Innovation is key in driving economic growth and prosperity, as it encourages the creation of new industries, companies, jobs and also improves efficiency, quality of products and services. In an increasingly global market landscape, the proficient innovators are indeed the ones in position to seize the global opportunities.
In order to provide innovation benchmarking across countries on innovation and facilitate public-private dialogue, the Global Innovation Index (GII) was created. GII is co-published by Cornell University, INSEAD, and the World Intellectual Property Organization (WIPO, a specialized agency of the United Nations).
In the latest GII 2013 report, Indonesia is ranked 85th out of 142 countries. This is an increase of 15 spot from 2012 ranking, which put Indonesia among top ten countries with the highest jump in rankings with Uganda (+28) and Costa Rica (+21) placed in top two.
The top 10 economies on the GII 2013 are Switzerland, Sweden, United Kingdom, Netherlands, United States of America, Finland, Hong Kong (China), Singapore, Denmark, and Ireland.
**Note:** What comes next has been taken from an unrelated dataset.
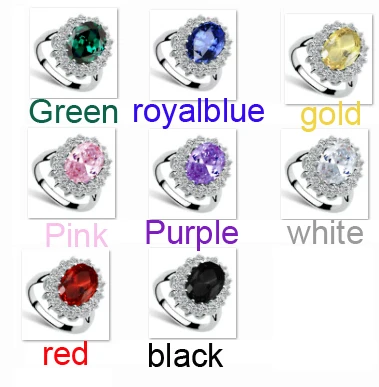 AAAA + Настоящее циркониевое кольцо Королевского синего цвета Вильям Кейт королева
The report also shows that Indonesia has a lot of room for improvement in institutions environment (political, regulatory, and business environment) and business sophistication (particularly in the knowledge-intensive human capital and businesses).
GEPI is fully committed in these improvement efforts with concrete programs. Recent programs include the Social Innovation Camp that aims to instill the culture of innovating, particularly in products and services that solve social issues, and ANGIN program that accelerates innovative businesses through funding, mentoring, and other supports.
Deeper Analysis
GII considers the innovation inputs and outputs in computing the ranks. Innovation inputs are key elements required to drive innovations: institutions (political, business, regulatory environment), human capital and research, infrastructure, market sophistication, and business sophistication. Innovation outputs are the outcome of innovation activities:  knowledge and technology outputs and creative outputs.
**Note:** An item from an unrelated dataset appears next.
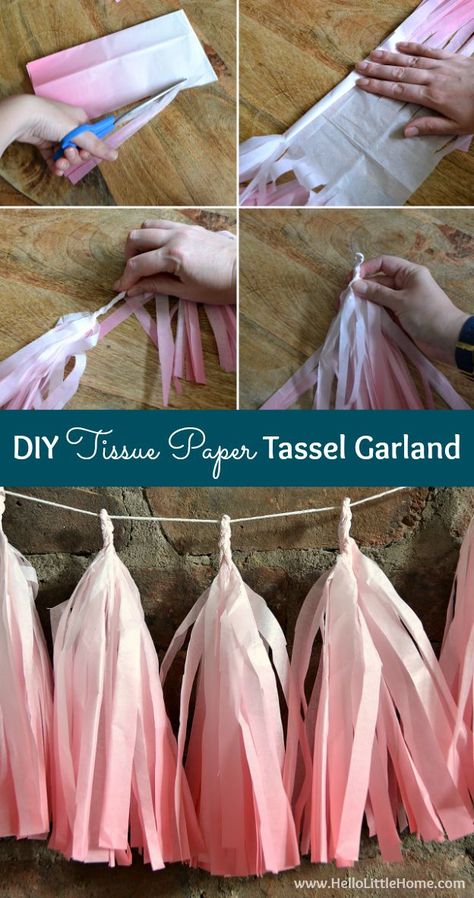 Step-by-step instructions for making a DIY Tissue Paper Tassel Garland + 6 more easy party decorating ideas! | Hello LIttle Home Party Decorating Ideas, Paper Tassel Garland, Tissue Tassel Garland, Trendy Party Decor, Diy Tassel Garland, Tissue Paper Garlands, Tissue Paper Tassel Garland, Tissue Paper Crafts, Tissue Paper Tassel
Innovation efficiency ratio is calculated as the innovation output scores over innovation input scores. In other words, the ratio measures how efficient a country is converting the elements into outputs.
Indonesia’s innovation efficiency ratio is among the highest in the world in 2013. However, in terms of innovation inputs, Indonesia has a lot of room for improvements, especially in institutions (ranked 138th, bottom five in global ranking) and business sophistication (ranked 112th out of 142 countries). Indonesia has indeed been putting increasing efforts in diversifying towards innovation-intensive sectors, and this effort has need to be boosted with even greater urgency. Indonesia has to be aware of the well-documented phenomenon: ‘resource curse’ or ‘paradox of plenty’ in which countries with natural endowments tend to focus on resource-extracting activities and hinder innovation that might put these countries on slower growth path.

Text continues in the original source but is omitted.